| Completely Confused
I started posting on the Friends and Family of Substance Abusers months back when my sister was going through a major rough patch(and so was I). I found it very helpful. So I thought I would give this a shot.
I’m 20 years old and I’ve been depressed on and off for as long as I can remember(I‘m talking when I was a tiny tiny kid). I’ve also been having panic attacks for as long as I can remember. When I was 15 I had a nervous breakdown around exams. After that I spent most of my high school career in and out of therapists and psychiatrists offices. I would have great days and weeks. And then days, weeks and even months where I couldn’t get out of bed. Around age 18 I started to get a lot better. And then it was off to college and even though I’ve been relatively happy(much more than high school!) and made a ton of progress I still can’t seem to shake these depressive episodes. I haven’t had a full blown panic attack in 3 years.

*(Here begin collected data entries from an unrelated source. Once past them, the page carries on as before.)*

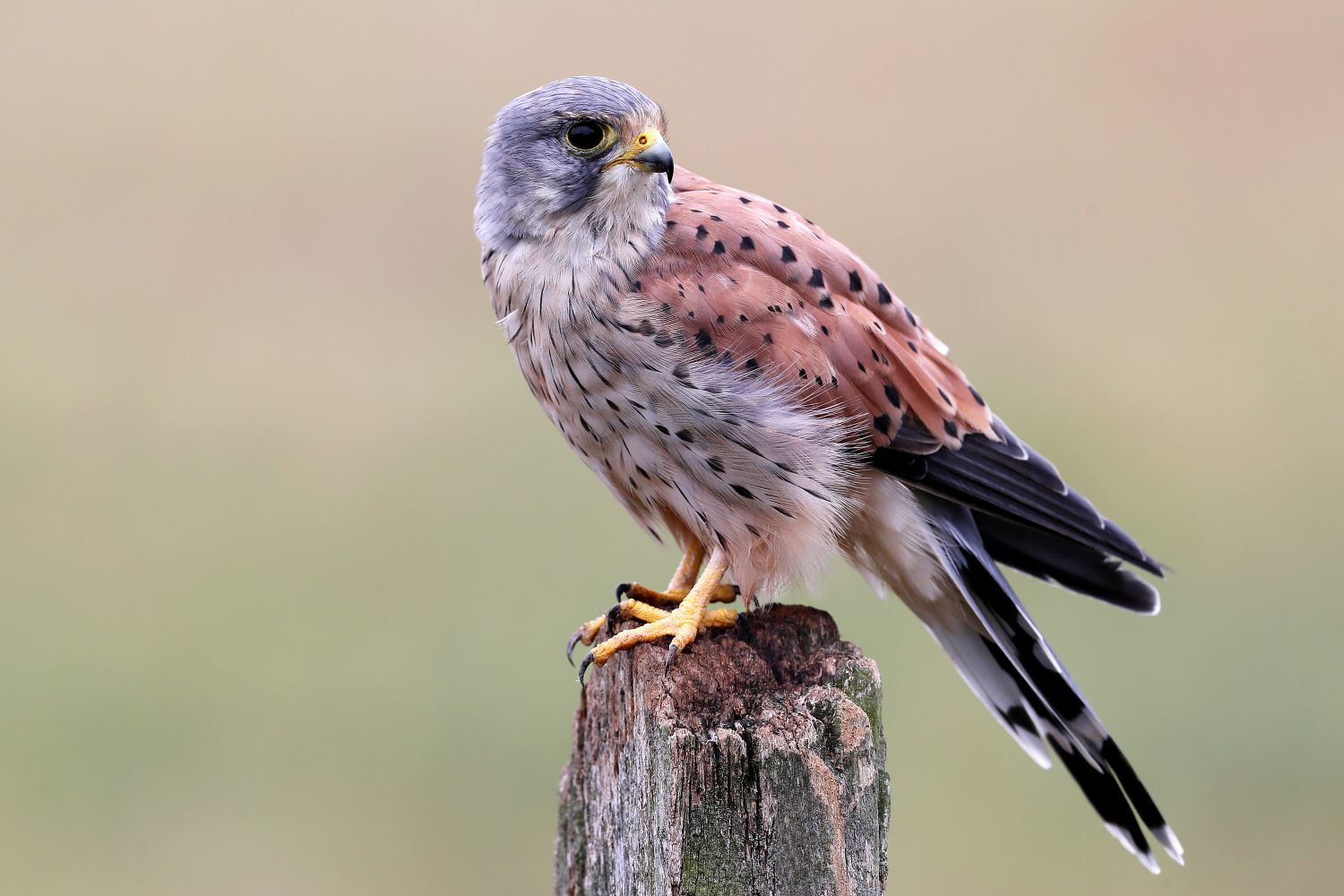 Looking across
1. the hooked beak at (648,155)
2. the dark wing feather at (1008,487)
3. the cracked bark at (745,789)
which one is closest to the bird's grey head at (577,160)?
the hooked beak at (648,155)

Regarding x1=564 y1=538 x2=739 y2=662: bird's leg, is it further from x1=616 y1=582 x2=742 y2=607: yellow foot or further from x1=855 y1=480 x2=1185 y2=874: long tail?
x1=855 y1=480 x2=1185 y2=874: long tail

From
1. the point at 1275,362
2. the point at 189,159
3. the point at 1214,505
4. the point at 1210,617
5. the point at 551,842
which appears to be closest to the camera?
the point at 551,842

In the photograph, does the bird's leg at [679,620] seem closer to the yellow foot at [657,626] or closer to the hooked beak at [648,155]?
the yellow foot at [657,626]

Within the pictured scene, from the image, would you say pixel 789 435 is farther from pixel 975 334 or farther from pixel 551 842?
pixel 975 334

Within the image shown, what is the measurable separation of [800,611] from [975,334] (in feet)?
17.0

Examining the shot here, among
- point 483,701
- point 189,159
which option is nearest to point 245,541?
point 483,701

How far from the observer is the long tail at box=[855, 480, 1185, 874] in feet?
12.2

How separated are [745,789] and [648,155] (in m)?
1.63

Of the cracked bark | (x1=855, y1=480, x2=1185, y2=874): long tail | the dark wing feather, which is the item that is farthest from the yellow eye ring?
the cracked bark

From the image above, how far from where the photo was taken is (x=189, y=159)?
936 cm

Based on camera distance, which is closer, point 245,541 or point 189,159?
point 245,541

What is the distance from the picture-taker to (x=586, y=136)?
3.69m

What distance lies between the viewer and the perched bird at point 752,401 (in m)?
3.52

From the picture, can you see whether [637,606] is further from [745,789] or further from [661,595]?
[745,789] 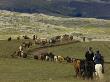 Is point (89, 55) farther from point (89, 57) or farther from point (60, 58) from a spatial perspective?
point (60, 58)

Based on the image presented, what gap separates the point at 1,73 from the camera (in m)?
54.0

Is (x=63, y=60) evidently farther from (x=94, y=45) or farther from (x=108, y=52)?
(x=94, y=45)

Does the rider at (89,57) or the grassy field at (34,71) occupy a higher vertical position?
the rider at (89,57)

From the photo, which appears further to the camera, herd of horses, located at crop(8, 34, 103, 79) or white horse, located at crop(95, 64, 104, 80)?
herd of horses, located at crop(8, 34, 103, 79)

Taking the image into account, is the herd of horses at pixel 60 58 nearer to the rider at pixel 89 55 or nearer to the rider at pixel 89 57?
the rider at pixel 89 57

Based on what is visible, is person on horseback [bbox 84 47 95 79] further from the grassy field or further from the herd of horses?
the grassy field

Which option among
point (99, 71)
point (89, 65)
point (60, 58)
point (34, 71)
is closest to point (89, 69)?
point (89, 65)

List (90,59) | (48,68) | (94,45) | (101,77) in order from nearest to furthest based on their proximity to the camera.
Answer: (101,77) → (90,59) → (48,68) → (94,45)

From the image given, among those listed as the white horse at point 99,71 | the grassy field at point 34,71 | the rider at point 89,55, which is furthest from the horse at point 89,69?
the white horse at point 99,71

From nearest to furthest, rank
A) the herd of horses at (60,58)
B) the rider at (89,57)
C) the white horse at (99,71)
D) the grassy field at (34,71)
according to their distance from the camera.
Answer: the white horse at (99,71), the rider at (89,57), the herd of horses at (60,58), the grassy field at (34,71)

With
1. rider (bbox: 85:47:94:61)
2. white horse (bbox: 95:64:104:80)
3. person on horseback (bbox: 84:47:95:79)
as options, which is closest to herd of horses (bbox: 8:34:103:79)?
person on horseback (bbox: 84:47:95:79)

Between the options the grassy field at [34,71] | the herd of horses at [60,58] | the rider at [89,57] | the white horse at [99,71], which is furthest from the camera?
the grassy field at [34,71]

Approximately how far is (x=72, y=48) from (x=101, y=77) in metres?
51.6

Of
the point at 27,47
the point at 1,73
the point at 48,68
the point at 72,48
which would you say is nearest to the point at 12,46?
the point at 27,47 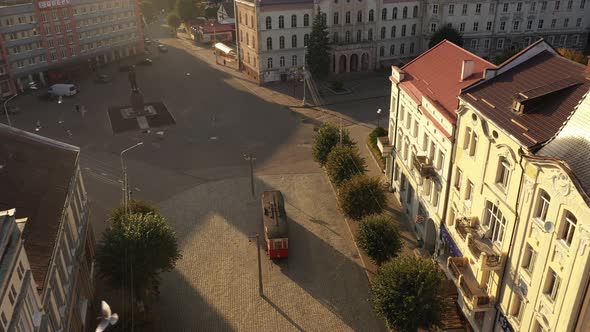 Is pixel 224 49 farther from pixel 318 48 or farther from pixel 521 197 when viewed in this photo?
pixel 521 197

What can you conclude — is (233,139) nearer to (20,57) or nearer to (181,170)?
(181,170)

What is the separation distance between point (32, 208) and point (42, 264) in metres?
5.56

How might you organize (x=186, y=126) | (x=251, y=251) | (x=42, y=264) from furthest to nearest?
(x=186, y=126), (x=251, y=251), (x=42, y=264)

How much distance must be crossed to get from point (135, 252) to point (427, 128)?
84.5 feet

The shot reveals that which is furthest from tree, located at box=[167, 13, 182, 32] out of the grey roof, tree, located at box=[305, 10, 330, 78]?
the grey roof

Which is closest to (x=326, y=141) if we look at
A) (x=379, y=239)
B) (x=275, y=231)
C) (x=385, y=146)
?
(x=385, y=146)

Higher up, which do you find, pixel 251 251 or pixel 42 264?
pixel 42 264

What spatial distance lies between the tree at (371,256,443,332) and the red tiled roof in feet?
38.5

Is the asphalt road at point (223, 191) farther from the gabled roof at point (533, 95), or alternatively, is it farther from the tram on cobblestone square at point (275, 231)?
the gabled roof at point (533, 95)

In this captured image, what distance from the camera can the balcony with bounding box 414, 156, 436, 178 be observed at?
4041cm

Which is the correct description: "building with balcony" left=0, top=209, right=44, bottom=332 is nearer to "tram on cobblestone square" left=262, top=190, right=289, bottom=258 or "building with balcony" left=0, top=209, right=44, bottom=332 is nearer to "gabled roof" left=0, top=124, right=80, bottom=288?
"gabled roof" left=0, top=124, right=80, bottom=288

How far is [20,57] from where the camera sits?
291ft

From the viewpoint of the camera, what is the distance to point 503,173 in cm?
3022

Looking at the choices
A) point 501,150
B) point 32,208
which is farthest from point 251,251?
point 501,150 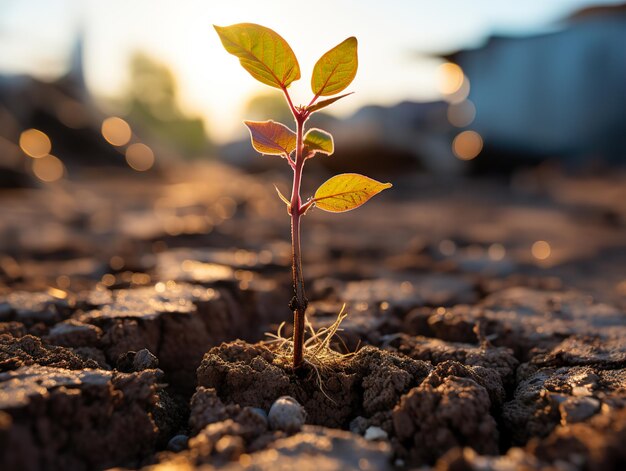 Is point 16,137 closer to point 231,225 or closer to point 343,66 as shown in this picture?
point 231,225

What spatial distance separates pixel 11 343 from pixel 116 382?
1.36 feet

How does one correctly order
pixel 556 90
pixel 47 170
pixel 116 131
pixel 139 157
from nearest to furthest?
1. pixel 47 170
2. pixel 556 90
3. pixel 139 157
4. pixel 116 131

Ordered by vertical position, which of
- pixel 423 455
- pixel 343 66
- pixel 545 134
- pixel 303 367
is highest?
pixel 545 134

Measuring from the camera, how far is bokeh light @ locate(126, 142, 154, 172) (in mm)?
16047

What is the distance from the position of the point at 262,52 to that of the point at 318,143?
0.25 metres

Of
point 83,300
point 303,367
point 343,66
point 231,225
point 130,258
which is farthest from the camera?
point 231,225

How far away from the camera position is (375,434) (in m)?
1.15

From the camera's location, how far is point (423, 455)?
3.57 ft

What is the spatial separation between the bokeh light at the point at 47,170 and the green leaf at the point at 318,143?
8831mm

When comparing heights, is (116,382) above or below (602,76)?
below

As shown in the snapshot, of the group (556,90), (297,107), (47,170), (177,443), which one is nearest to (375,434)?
(177,443)

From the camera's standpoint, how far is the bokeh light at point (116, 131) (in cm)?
1723

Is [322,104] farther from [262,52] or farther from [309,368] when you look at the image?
[309,368]

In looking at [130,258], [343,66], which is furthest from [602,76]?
[343,66] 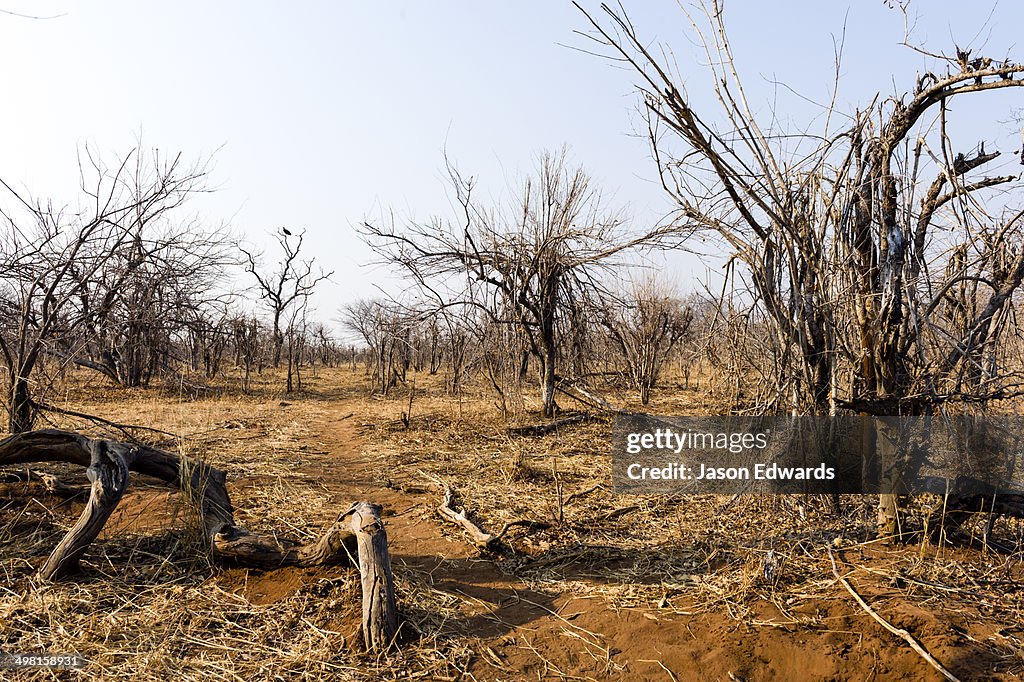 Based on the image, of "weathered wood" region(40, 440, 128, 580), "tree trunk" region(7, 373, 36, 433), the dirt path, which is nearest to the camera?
the dirt path

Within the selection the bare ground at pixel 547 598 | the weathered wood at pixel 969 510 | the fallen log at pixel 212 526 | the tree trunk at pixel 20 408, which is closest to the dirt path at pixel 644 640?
the bare ground at pixel 547 598

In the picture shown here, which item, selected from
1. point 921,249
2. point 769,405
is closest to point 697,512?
point 769,405

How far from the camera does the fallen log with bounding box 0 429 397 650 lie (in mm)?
3021

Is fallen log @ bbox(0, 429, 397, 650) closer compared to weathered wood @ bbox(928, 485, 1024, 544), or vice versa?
fallen log @ bbox(0, 429, 397, 650)

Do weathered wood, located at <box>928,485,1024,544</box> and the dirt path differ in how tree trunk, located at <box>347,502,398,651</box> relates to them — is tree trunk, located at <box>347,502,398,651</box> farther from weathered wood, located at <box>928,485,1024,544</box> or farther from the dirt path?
weathered wood, located at <box>928,485,1024,544</box>

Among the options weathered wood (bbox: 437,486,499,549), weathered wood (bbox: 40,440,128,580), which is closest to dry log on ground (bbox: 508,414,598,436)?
weathered wood (bbox: 437,486,499,549)

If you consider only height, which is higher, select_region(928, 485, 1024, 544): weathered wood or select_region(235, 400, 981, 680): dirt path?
Answer: select_region(928, 485, 1024, 544): weathered wood

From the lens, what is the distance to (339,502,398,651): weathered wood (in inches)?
116

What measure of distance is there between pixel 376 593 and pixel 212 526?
148 cm

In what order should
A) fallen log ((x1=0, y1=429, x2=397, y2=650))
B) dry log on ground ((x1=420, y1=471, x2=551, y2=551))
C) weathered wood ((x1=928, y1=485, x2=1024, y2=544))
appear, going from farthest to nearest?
dry log on ground ((x1=420, y1=471, x2=551, y2=551)), weathered wood ((x1=928, y1=485, x2=1024, y2=544)), fallen log ((x1=0, y1=429, x2=397, y2=650))

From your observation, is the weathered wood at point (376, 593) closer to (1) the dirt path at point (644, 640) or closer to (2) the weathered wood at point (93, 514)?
(1) the dirt path at point (644, 640)

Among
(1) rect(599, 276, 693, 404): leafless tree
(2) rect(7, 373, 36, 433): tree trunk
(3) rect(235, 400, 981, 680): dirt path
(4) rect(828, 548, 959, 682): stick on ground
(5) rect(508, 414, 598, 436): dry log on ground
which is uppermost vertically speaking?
(1) rect(599, 276, 693, 404): leafless tree

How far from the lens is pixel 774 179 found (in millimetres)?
3588

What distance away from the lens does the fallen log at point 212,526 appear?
302 centimetres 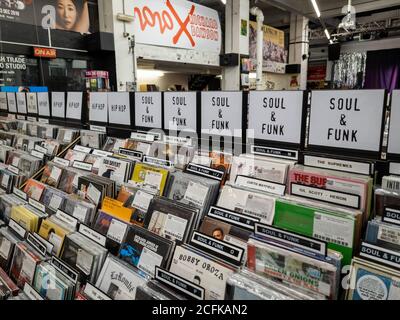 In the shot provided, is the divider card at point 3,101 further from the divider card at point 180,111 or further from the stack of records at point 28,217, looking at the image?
the divider card at point 180,111

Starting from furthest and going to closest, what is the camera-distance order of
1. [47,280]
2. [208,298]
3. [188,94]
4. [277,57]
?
[277,57]
[188,94]
[47,280]
[208,298]

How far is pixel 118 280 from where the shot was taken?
3.64ft

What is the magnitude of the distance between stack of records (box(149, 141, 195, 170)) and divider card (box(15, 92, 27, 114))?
203 cm

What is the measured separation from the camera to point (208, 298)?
95 centimetres

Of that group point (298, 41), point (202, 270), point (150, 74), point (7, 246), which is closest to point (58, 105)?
point (7, 246)

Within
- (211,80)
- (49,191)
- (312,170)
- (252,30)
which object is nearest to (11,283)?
(49,191)

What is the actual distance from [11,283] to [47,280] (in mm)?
227

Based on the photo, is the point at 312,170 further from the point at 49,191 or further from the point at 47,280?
the point at 49,191

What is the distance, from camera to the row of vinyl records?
859mm

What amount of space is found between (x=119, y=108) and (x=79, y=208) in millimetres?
773

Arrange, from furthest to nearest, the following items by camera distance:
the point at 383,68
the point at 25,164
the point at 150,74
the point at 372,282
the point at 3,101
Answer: the point at 383,68, the point at 150,74, the point at 3,101, the point at 25,164, the point at 372,282

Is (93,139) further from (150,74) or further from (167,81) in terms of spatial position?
(167,81)

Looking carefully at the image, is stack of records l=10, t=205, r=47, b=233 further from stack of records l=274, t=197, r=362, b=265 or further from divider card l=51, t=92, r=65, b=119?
stack of records l=274, t=197, r=362, b=265

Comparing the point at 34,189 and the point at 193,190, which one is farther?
the point at 34,189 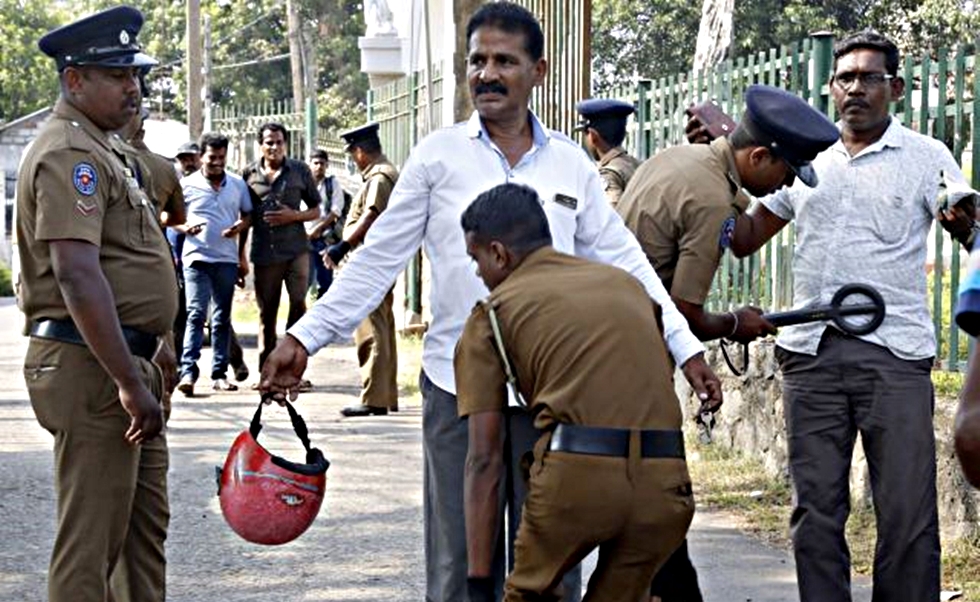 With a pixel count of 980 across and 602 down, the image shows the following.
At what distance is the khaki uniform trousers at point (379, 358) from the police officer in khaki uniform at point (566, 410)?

After many trials and errors I finally found a great therapist who I have been seeing for about 4 years now. I take Xanax and Wellbutrin. I’ve been on several anti-depressants and all of them(including Wellbutrin) did not help in the slightest, if anything they made things worse. And I gave them time. Lots of time.
I blame episodes like this on the state of my life. I’ll say I don’t like my school, my major, my love life, etc- but really I think I’m a very depressed person who has learned a lot of coping skills, which is great. But I relapse. And in general I am not as energetic or happy as I would like to be. I never have been. I don’t think I’m very honest about that. I always tell people I’m fine now.
Awhile ago my psychiatrist suggested to me that I might be Bipolar II or a milder form of that. What is it called when you have these episodes of depression on and off all your life? Also, I think I have experienced some slight hypomania and I can get irrationally angry and irritable for no reason. It's always possible that in an hour or two I'll go back and read this post and wonder what the hell I was thinking, but I can snap out of these moods easily, but fall right back in.
I have always been diagnosed with Panic/Anxiety Disorder and Major Depressive Disorder by doctors. But I feel like something is missing. I had surgery two weeks go which has sent me down a depressive spiral. I think it has made me realize that if I don’t figure out what’s wrong with me this is going to happen my whole life, and I really don’t want it to be that way. I’m back in that withdraw mode. And I hate it. Daily life has become a struggle again and I am at a loss as to what to do.